Collections and types are a safe way to ensure that the Developer’s code is strongly typed.  A strongly typed piece of code avoids the need for casting operations and provides for compile time errors instead of runtime errors.  Using collections and types in a .NET assembly reduces the time and memory required to transform inputs.  Collections also have the added attraction of being enumerated, and properties such as the number of items and a collection iterator allow for simple implementation.  Anupam Banerji explains their use.

Introduction

.NET developers must often convert data types.  A string from a textbox control or a console input may have to be converted into an integer, double, or a Boolean value type. Such a type may be then used in a collection of objects.  Often custom reference types must be created in order to store various properties of an object.  A large number of these objects might be needed for sorting or storing. Types and collections provide an efficient implementation technique.

Types

A type is a piece of data stored in memory.  There are two such types.  Value types are in-built .NET data types.  For example, integers, doubles, decimals, floats, Booleans, characters, date/time and bytes are .NET data types.  Value types are stored in an area called the stack, this is a Last In First Out (LIFO) storage space from the days of DOS.  Access to the stack is quick, and the types stored are indexed.  Reference types are user defined types (.NET supplies many pre-built reference types) stored in an area of memory known as the heap.  Objects, strings, arrays and streams are .NET supplied reference types.  All types (value and reference) are derived from the object type, the simplest data type in the .NET Common Type System (CTS).

A user defined type may contain both CTS value and reference types.  A simple user defined type is the enumeration:

private enum ExampleEnum
{ 
    firstItem, 
    secondItem 
} 

The enumeration above provides an integer based index which allows the Developer to assign names to integer indexes.  Using enumerations makes implementation easier and safer.
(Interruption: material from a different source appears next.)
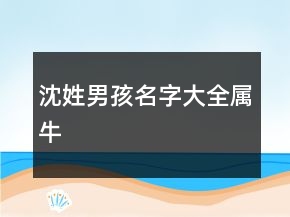 沈姓男孩名字大全屬牛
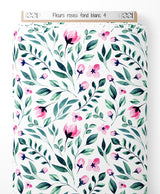 Tissu - Fleurs roses sur fond blanc 4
The simplest user defined type is the structure:

struct ExampleStr 
{     
    public string str; 
    public object o; 
    public Exception e; 
} 

The structure is then used by declaring a variable of the type:

ExampleStr ex = new ExampleStr(); 

A third way to hold data is the class type.  Classes are objects containing types and other code and are a key building block in object oriented design patterns.  Classes are a reference type; they are instanced the same way as structures and have constructors.  Classes are different to structures in that they can derive base classes, implement interfaces, and in .NET, control their disposal through implemented garbage collection.

Collections

A collection is a group of types.  Several types of collection exist.  These are array lists, queues, stacks, string collections and bit arrays.  There are also generic collections such as SortedList<T,U>, Queue<T>, Stack<T> and List<T>.  When the underlying data type implements the IComparable interface, the generic collection may be sorted through implemented methods.

Casting Operations

Why are types and collections necessary?  It is possible to cast objects as CTS types and recast them into useful types when required.  There are a few reasons why instancing common types and recasting them into required types should be avoided.
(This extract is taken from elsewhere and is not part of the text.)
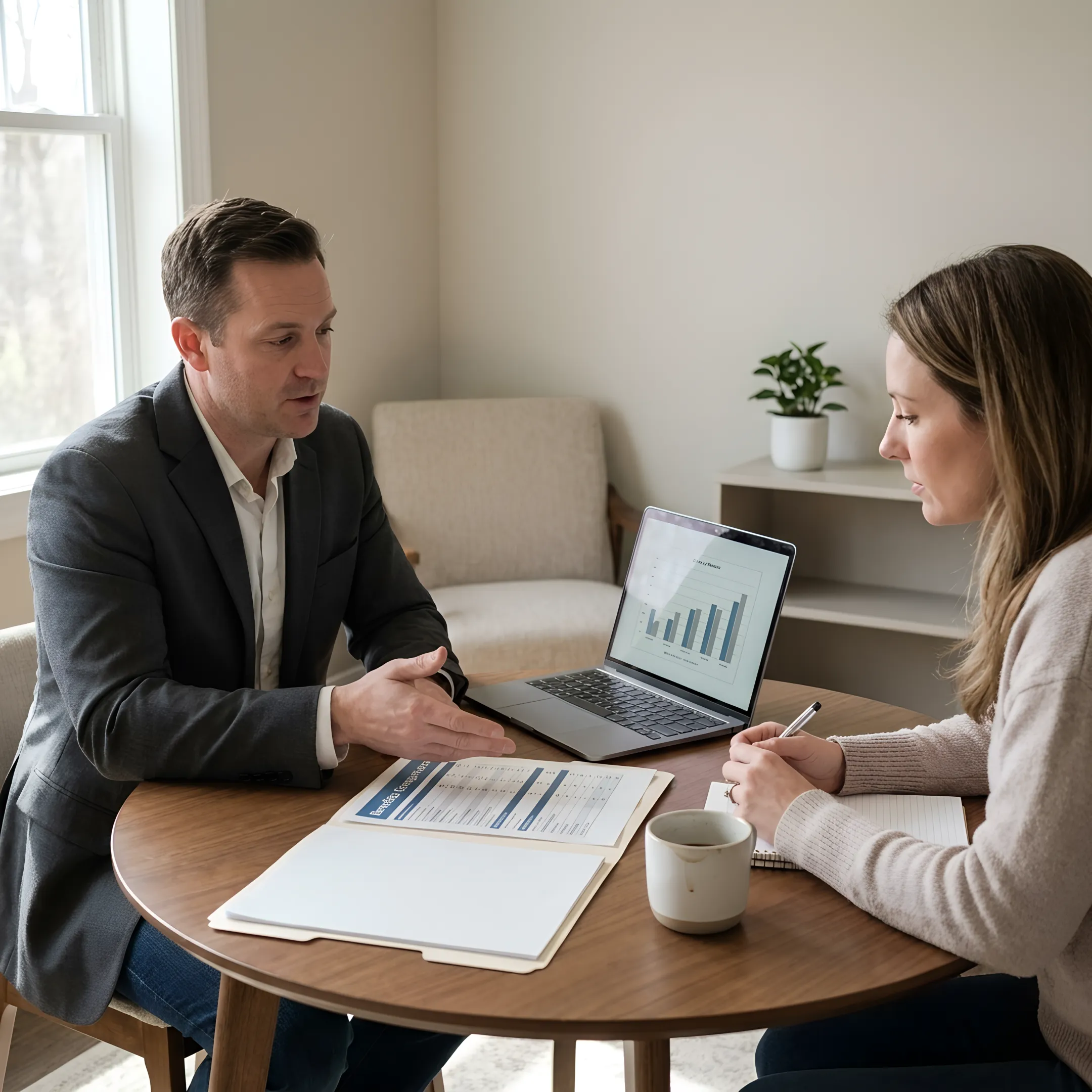 Licensed advisor explaining health plan details to a self-employed client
The first reason is the amount of time required to cast a CTS type into another.  A boxing operation occurs when a value type is cast into the object type.  An un-boxing operation occurs when an object type is cast into a value type.  Boxing and un-boxing operations result in a performance penalty.  If there are thousands of such operations in your code, then there will be a noticeable performance drop.

There is another issue.  An incorrectly boxed or unboxed object throws an invalid cast exception during runtime.  Correctly declaring the inputs into the method during design would result in a compile time (and not runtime) error.

A Quick Example

We will now build a simple sort-able class and a generic collection to demonstrate some of the concepts introduced in this article.  We create a class that implements the IComparable interface.  The class implements the CompareTo() interface method.

using System.Collections;
using System.Collections.Generic;

public class Sortable : IComparable 
{
    private string name
    {
        get;
        private set;
    }

    private int price
    {
        get;
        private set;
    }
    public Sortable()
    {
    }

    public void Add(string _name, int _index)
    {
        name = _name;
        price = _index;
    }

    #region IComparable Members

    int IComparable.CompareTo(object obj)
    {
        return price.CompareTo(((Sortable)obj).price); 
    }

    #endregion
}

The class adds an item with a name and an index.  The interface implementation compares the prices and returns an integer with the value of zero if the prices are identical, less than zero if the price is less than the compared price, and greater than zero if the price is greater than the compared price.  The object being compared must be un-boxed into the Sortable class before any comparison between the prices can be made.  This is expected; the implemented interface cannot account for custom objects.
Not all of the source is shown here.